Filipino-Iranian model (born 2003)

Nikhisah "Nikki" Buenafe (born June 4, 2003) is a Filipino-Iranian model, actress, singer and beauty pageant titleholder who was crowned Face of Beauty International 2025. She became the second Filipino winner after Jeanne Isabelle Bilasano's victory in 2024, securing the first back-to-back title in the pageant's history.

Buenafe was previously crowned as 2023 Limgas na Pangasinan, becoming Pangasinan's representative at the Miss World Philippines 2024 where she was crowned as Miss Multinational Philippines 2024. She then competed at Miss Grand Philippines 2025 representing Quezon City, where she was crowned as Face of Beauty Philippines 2025.

== Early life ==
Buenafe was born on June 4, 2003, in Binmaley, Pangasinan to an Iranian father and a Filipino mother. She then pursued her AB Asian Studies degree from the University of Santo Tomas.

== Pageantry ==

=== Limgas na Pangasinan 2023 ===
Buenafe represented Binmaley at Limgas na Pangasinan 2023 where she won the competition, becoming Pangasinan's representative in the Miss World Philippines 2024 competition.

=== Miss World Philippines 2024 ===
Buenafe competed at the Miss World Philippines 2024 competition representing Pangasinan where Krishnah Gravidez of Baguio won the title.

At the end of the pageant, she was crowned as Miss Multinational Philippines 2024.

=== Miss Grand Philippines 2025 ===
Buenafe competed at the Miss Grand Philippines 2025 competition as Miss Multinational did not stage its 2024 edition. She represented Quezon City due to Pangasinan's pre-selected representative for the competition from the Limgas na Pangasinan pageant.

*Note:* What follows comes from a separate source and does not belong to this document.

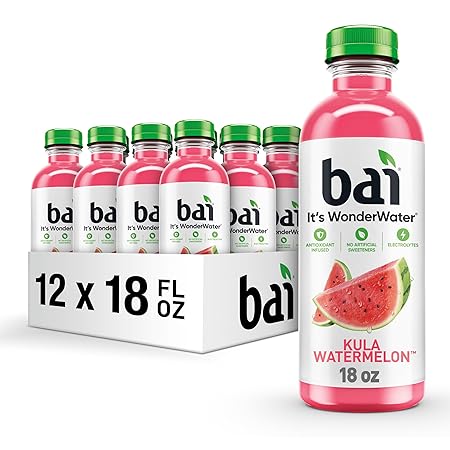 Bai Antioxidant Infused Water Beverage, Kula Watermelon, with Vitamin C and No Artificial Sweeteners, 18 Fluid Ounce Bottle, 12 Pack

At the end of the event, she was crowned as Face of Beauty International Philippines 2025 by Face of Beauty International 2024 Jeanne Isabelle Bilasano.

=== Face of Beauty International 2025 ===
Buenafe represented the Philippines at the Face of Beauty International 2025 competition in Taichiung, Taiwan.

At the end of the event, Cheveh was crowned as Face of Beauty International 2025 by outgoing titleholder Jeanne Isabelle Bilasano, securing the first ever back-to-back victory in the pageant's history.